Evaluating the trained model's performance:

In [None]:
model = AutoModelForSequenceClassification.from_pretrained('model', 
                                                           config=configuration)
tokenizer = BertTokenizer.from_pretrained('model', do_lower_case=True, 
                                          max_length=10000, padding="max_length", truncate=True)

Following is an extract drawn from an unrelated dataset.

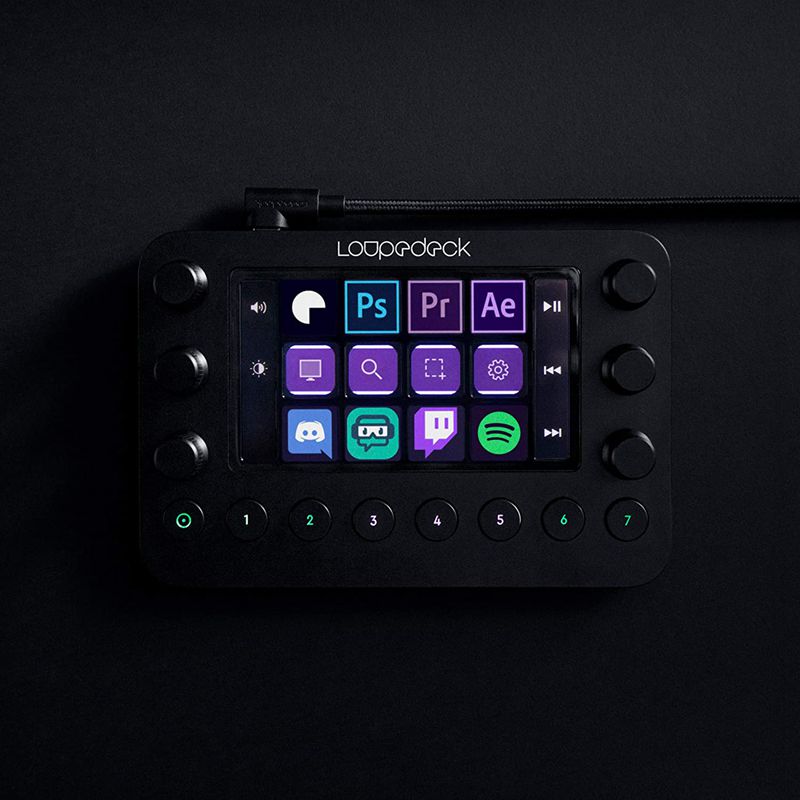 Loupedeck live 图像编辑视频后期剪辑制作调控台 直播操作控制器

We calculate our custom metric via the following function that determines how many ground-truth first pages were actually predicted as first pages. The logic behind this approach suggests that by determining first pages correctly we can consecutively split documents correctly, using each first page as a separator (since it means a start of a new document).

In [None]:
def calculate_metrics(texts, labels):
    true_positive = 0
    false_positive = 0
    false_negative = 0
    true_negative = 0
    
    for i, test in tqdm(zip(labels, texts)):
        inputs = tokenizer(test, truncation=True, return_tensors="pt")
        with torch.no_grad():
            logits = model(**inputs).logits
        pred = logits.argmax().item()
        
        if i == 1 and pred == 1:
            true_positive += 1
        elif i == 1 and pred == 0:
            false_negative += 1
        elif i == 0 and pred == 1:
            false_positive += 1
        elif i == 0 and pred == 0:
            true_negative += 1

        
    
    if true_positive + false_positive != 0:
        precision = true_positive / (true_positive + false_positive)
    else:
        precision = 0
    
    if true_positive + false_negative != 0:
        recall = true_positive / (true_positive + false_negative)
    else:
        recall = 0
    
    if precision + recall != 0:
    
        f1 = 2 * precision * recall / (precision + recall)
    
    else:
        
        f1 = 0
    
    acc = (true_positive + true_negative) / len(texts)
    
    return precision, recall, f1, acc

In [10]:
precision, recall, f1, acc = calculate_metrics(pages_test_docs, pages_labels_test)

435it [13:05,  1.81s/it]


In [12]:
print('\n Precision: {} \n Recall: {} \n F1-score: {}'.format(precision, recall, f1))


 Precision: 0.7225433526011561 
 Recall: 0.8741258741258742 
 F1-score: 0.7911392405063291